Stephen A. Cook
Born 14 December 1939, Buffalo, New York, USA
ACM A.M. Turing Award (1982) “for his advancement of our understanding of the complexity of computation in a significant and profound way. His seminal paper, ‘The Complexity of Theorem Proving Procedures,’ presented at the 1971 ACM SIGACT Symposium on the Theory of Computing, laid the foundations for the theory of NP-completeness. The ensuing exploration of the boundaries and nature of the NP-complete class of problems has been one of the most active and important research activities in computer science for the last decade.”
Cook’s father was a chemist and his mother was an English teacher. He was interested in electronics from his teens and studied at the University of Michigan from 1957. He enrolled at first in Science Engineering, but changed his interests focusing later on Mathematics (Bachelor of Science 1961). Afterwards he went to Harvard University (Scientiæ Magister 1962, Ph.D. 1966) where he was in particular interested in computational complexity, which was at that time still in its infancy. His doctoral thesis ‘On the Minimum Computation Time of Functions’ dealt with the complexity of algorithms for multiplication.
Afterwards he worked as an assistant professor in Computer Science at the University of California, Berkeley (1966-1970) and the University of Toronto, Canada (1970-1975), where he became professor in 1975. In 1985 he received the honorary title University Professor.
Cook is a Fellow of a great number of research institutions. Among his many accolades, he also received the CRM-Fields-PIMS Prize (1999) and the Gerhard Herzberg Canada Gold Medal for Science and Engineering (2013) which comes with a research budget of one million dollars. Stephen Cook enjoys sail boat racing and playing the violin. He is married and has two sons.
The concept of NP-completeness, one of Cook’s ideas from the beginning of the 1970s, has a long history. In 1936 Alan Turing published his idea of the ‘Turing machine’, a kind of standard method of formulating computer programs. About 30 years later the mathematician Jack Edmonds set out to compare algorithms by counting the steps necessary to solve problems on a Turing machine – problems such as sorting numbers or finding the shortest round path through cities on a map. Of course, it takes longer to sort 100 numbers than to sort only 10; one speaks of different sized ‘instances’ of the same problem. Edmonds found it acceptable if the running time does not exceed a certain rate of growth when growing with the size of the instances.
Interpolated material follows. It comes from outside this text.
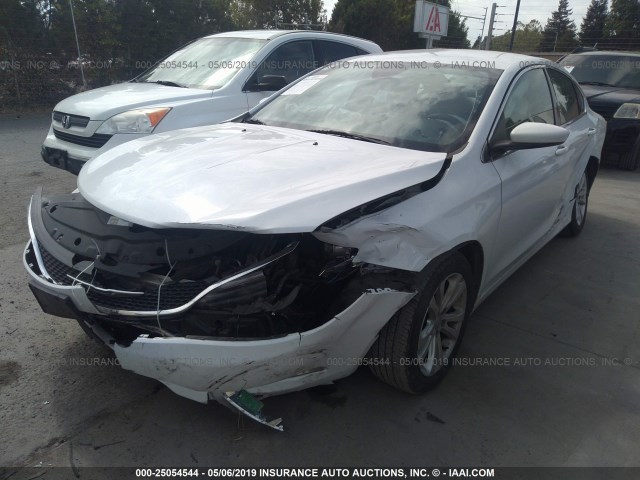 1C3CCCABXFN628962 - 2015 CHRYSLER 200 LIMITED WHITE photo 2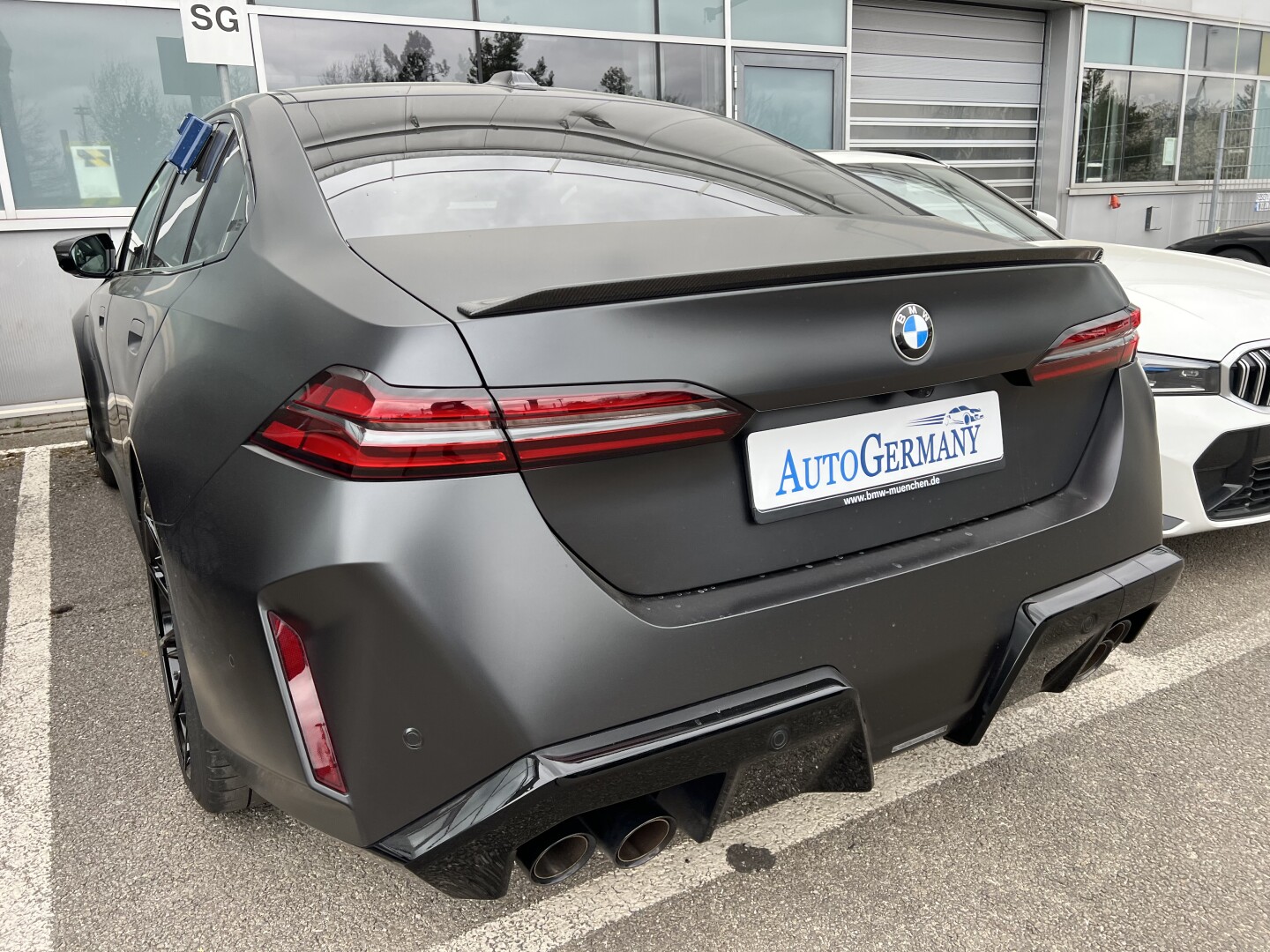 BMW M5 xDrive 727PS Individual Frozen Deep Gray З Німеччини (126790)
Stephen Cook focused on the decision of a problem, that is problems which can be answered with yes or no. For example: A street map has a certain number of cities. Is it possible to drive through each of these cities exactly once, using no street twice, on a tour that is shorter than a certain length? Obviously, one can easily – in Edmonds’ sense – check if a given route is in fact a true round trip and if it is shorter than the given length. But Cook – and independently also the soviet mathematician Leonid Levin – proved even more. They showed a way in which many problems are equivalent in their complexity to a certain reference problem, called SAT. One of these problems is the task to actually find the shortest round trip on a street map. Today, we know thousands of those problems, for which alleged solutions can be tested quickly, but actually solving them is equivalent to the solution of SAT; this is the class of NP-complete problems. For no problem in this class, do we know a fast method to find a solution. Is it theoretically impossible? That is one of the key questions of modern mathematics, is P ≠ NP?